Short web captions =
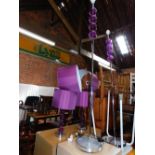 A pair of chrome and purple sphere standard lamps, and a matching pair of table lamps. (4)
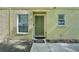 View of the front door of the home, with a welcome mat at 5302 Aloha Seed Dr, Seffner, FL 33584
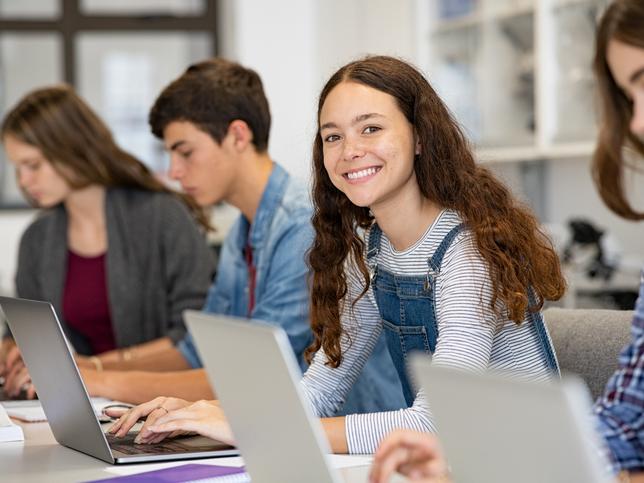 A young woman uses a laptop happily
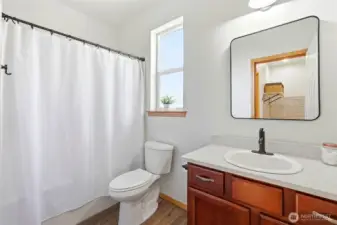 The downstairs full bath is ideal for guests or extended stays. Clean finishes and easy access make it highly functional. Its placement near the main-level bedroom adds versatility.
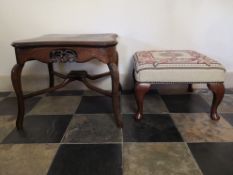 A Chinese carved hardwood low table and a tapestry upholstered footstool on cabriole supports. H.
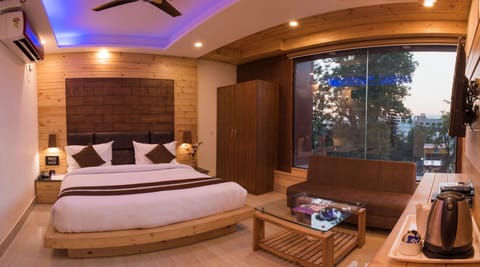 Premium bedding, desk, laptop workspace, iron/ironing board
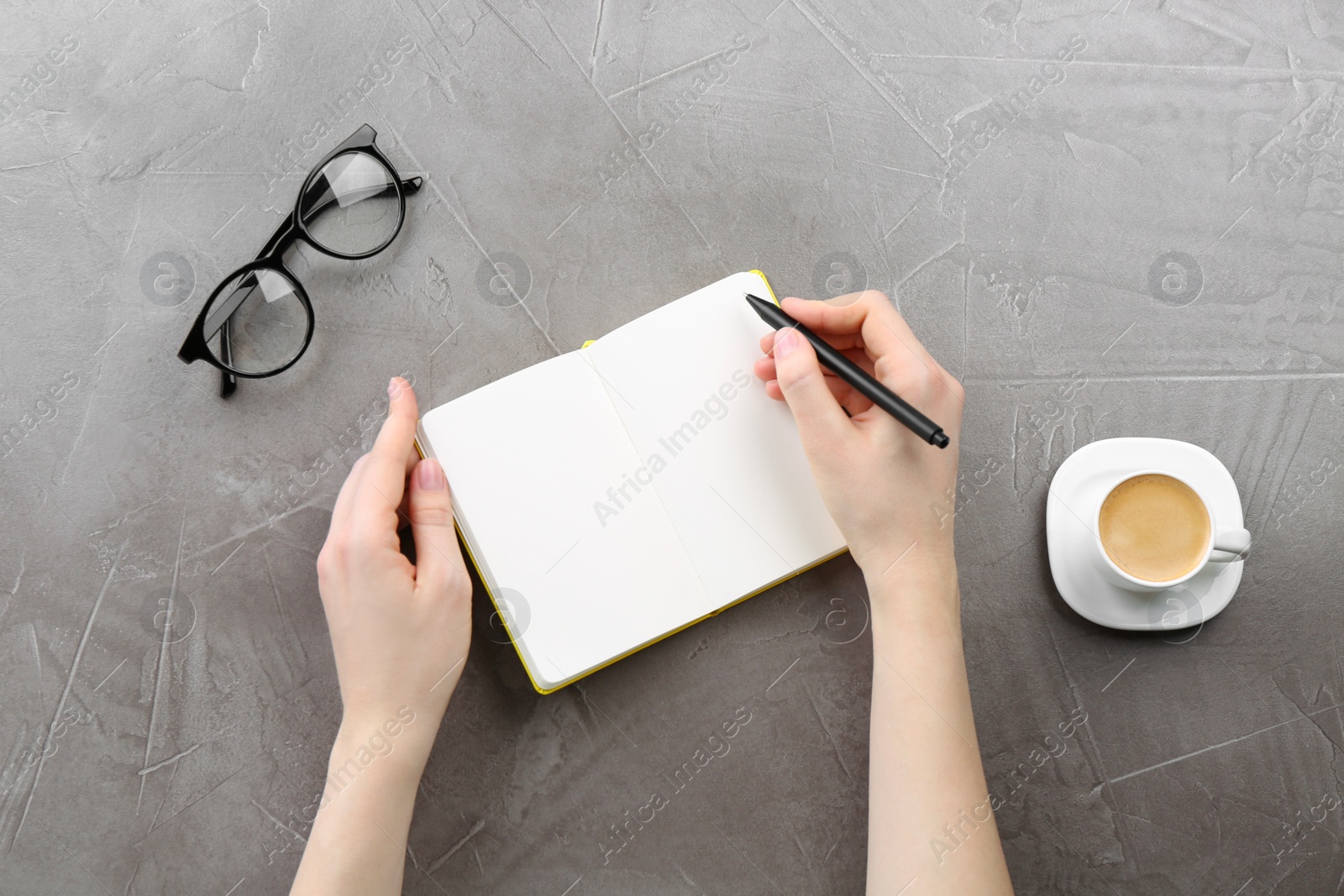 Photo of Woman writing in notebook at grey table, top view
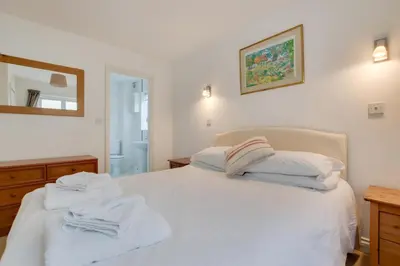 a bedroom with a white bed with towels on it at 3 Bed in Porthleven oc-rosen in St Ives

ASSIGNMENT =
Reproduce each record above by retyping it exactly; omit all images.

RESPONSE FOR THIS EXERCISE =
 A pair of chrome and purple sphere standard lamps, and a matching pair of table lamps. (4)
 View of the front door of the home, with a welcome mat at 5302 Aloha Seed Dr, Seffner, FL 33584
 A young woman uses a laptop happily
 The downstairs full bath is ideal for guests or extended stays. Clean finishes and easy access make it highly functional. Its placement near the main-level bedroom adds versatility.
 A Chinese carved hardwood low table and a tapestry upholstered footstool on cabriole supports. H.
 Premium bedding, desk, laptop workspace, iron/ironing board
 Photo of Woman writing in notebook at grey table, top view
 a bedroom with a white bed with towels on it at 3 Bed in Porthleven oc-rosen in St Ives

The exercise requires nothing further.